Après qu'ils eurent tous bu, il remplit à nouveau le récipient et le laissa à Um Ma'bad. Puis ils reprirent leur route vers Médine, sous le regard ébahi de cette femme, témoin d'un véritable miracle. Peu après leur départ, un groupe des gens de Quraysh à la poursuite du Prophète et ses Compagnons arriva près de la tente de Um Ma'bad. Ils lui demandèrent quelle direction ils avaient prise. Elle eut alors une conduite courageuse et répondit qu'elle n'en savait rien ! Ils insistèrent un peu mais elle les menaça : « Si vous continuez de m'importuner, je vais appeler les hommes de mon clan et vous savez de quoi ils sont capables ! »

Ils repartirent sans plus insister. Il faut préciser que le clan de Um Ma'bad, les Khuzâ'a, était un allié de Abd Al-Muttalib, le grand-père du Prophète, au temps de la Jahiliya ; ce clan demeura allié du Prophète même après la Révélation. Enfin, lorsque l'époux de Um Ma'bad regagna la tente, il trouva le récipient plein de lait et interrogea son épouse sur sa provenance ! Elle lui raconta en détail ce qui s'était produit en son absence et il lui demanda de décrire l'homme qui avait pu traire leur maigre chèvre alors que ses mamelles semblaient définitivement taries !

Um Ma'bad répondit : « C'est un homme d'une extrême beauté, au visage gracieux, aux vertus admirables. Il a des yeux d'un noir prononcé et ses cils sont d'une belle longueur ; le blanc de ses yeux est très affirmé et ses cheveux sont très noirs ; son cou est long et sa barbe est fournie. Lorsqu'il est silencieux, il est d'une grande dignité et lorsqu'il parle, il est tout auréolé de splendeur, comme si ses paroles étaient les perles d'un collier tombant l'une après l'autre... »

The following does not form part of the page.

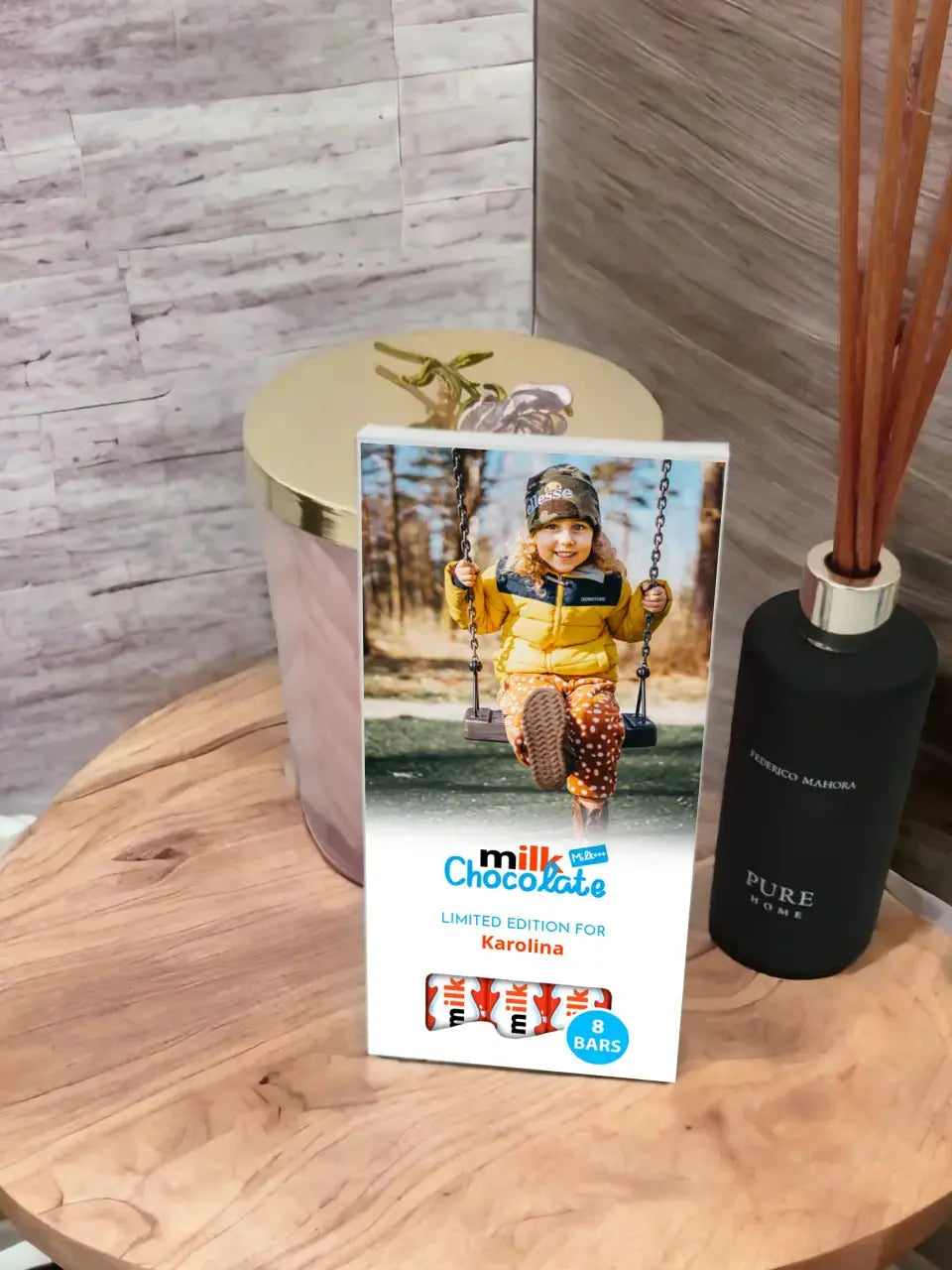 Personalizuotas "Kinder 8 batonėliai" šokoladas su jūsų nuotrauka Šokoladas - dovanokis.lt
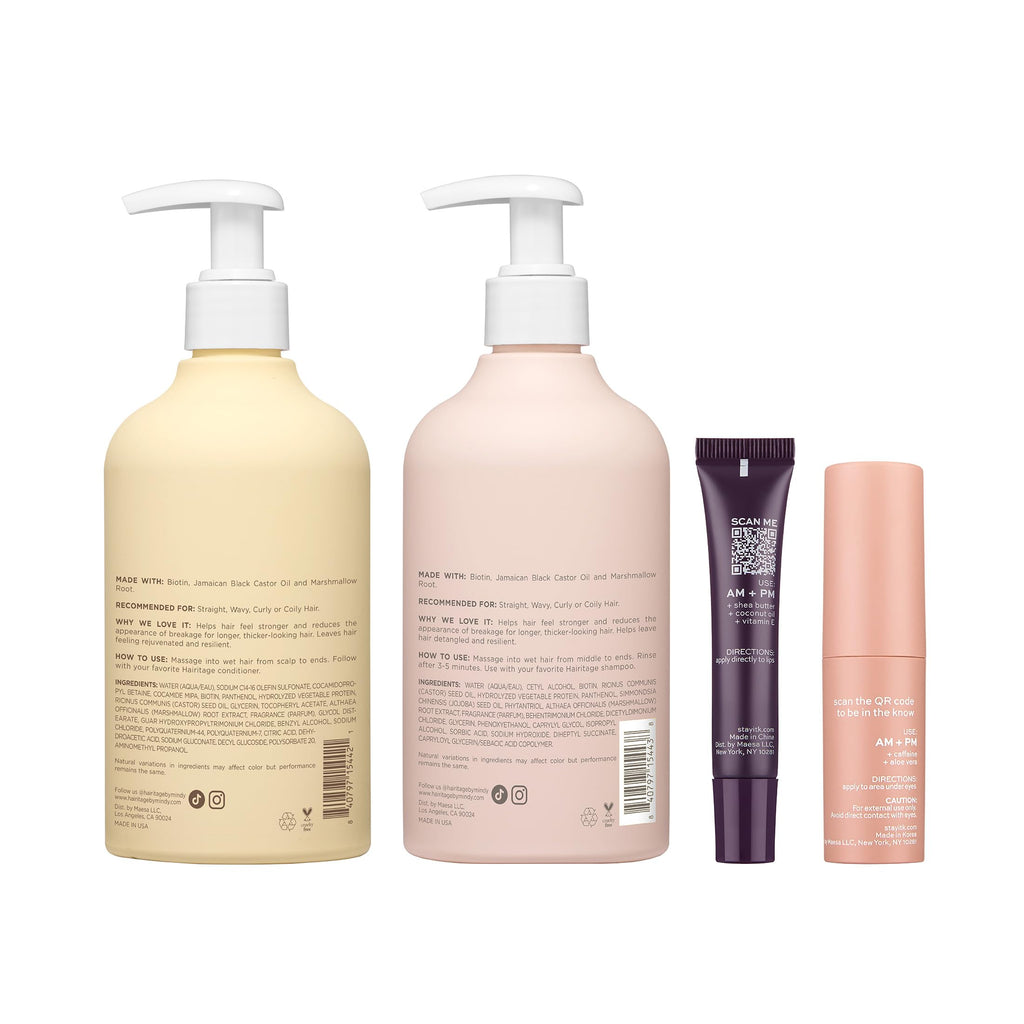 Biotin Castor Oil Shampoo & Conditioner, Eye Stick + Shea Butter Lip Balm U23576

Et la brave femme continua de décrire l'Envoyé de Dieu à son mari qui l'écoutait avec attention. Finalement, Abu Ma'bad lui dit : « Par Dieu ! C'est l'homme que les gens de Quraysh recherchent. Si je le trouve, je le suivrai ! » Ils partirent bientôt rejoindre le Prophète à Médine où ils prononcèrent la shahâda devant l'Envoyé de Dieu. Ils furent accompagnés du frère de Um Ma'bad, Khanîs ibn Khâlid qui embrassa aussi l'Islam. Il mourut en martyr le jour de la conquête de La Mecque.

Um Ma'bad fit le serment d'allégeance et prit place dans l'entourage du Prophète ; elle fut très respectée et estimée par tous pour sa sincérité, sa piété et son savoir. En effet, elle fut avide de connaissances. C'est ainsi que lorsqu'un groupe de femmes prêta serment, l'Envoyé de Dieu leur dit : « Vous m'avez prêté serment de ne point associer d'autres divinités à Dieu, de ne point voler ni commettre l'adultère, ni tuer vos enfants, ni forger des calomnies, ni désobéir dans ce qui est convenable. »

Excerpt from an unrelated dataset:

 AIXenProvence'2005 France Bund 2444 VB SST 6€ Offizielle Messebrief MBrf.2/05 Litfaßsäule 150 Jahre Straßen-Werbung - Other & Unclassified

Toutes les femmes présentes acquiescèrent. Mais Um Ma'bad demanda : « Ô Envoyé de Dieu, quel est l'acte le plus exécrable que tu nous interdis ? ». Il répondit : « Les lamentations ! » Après la disparition du Prophète , Um Ma'bad vécut dans la considération et l'estime des Compagnons. Les Califes lui vouèrent un grand respect. On rapporte qu'elle rendait parfois visite à Abu Bakr et lui rappelait le fameux jour où sa chèvre chétive avait fourni une telle quantité de lait alors qu'elle n'en donnait plus et qu'elle avait ainsi abreuvé le Prophète , ses compagnons de route et aussi sa famille !

L'historien Al-Wâqidî a rapporté que la chèvre vécut encore longtemps, donnant régulièrement du lait à Um Ma'bad et son époux : sans aucun doute un signe de Dieu qui les conduisit sur le chemin de l'Islam.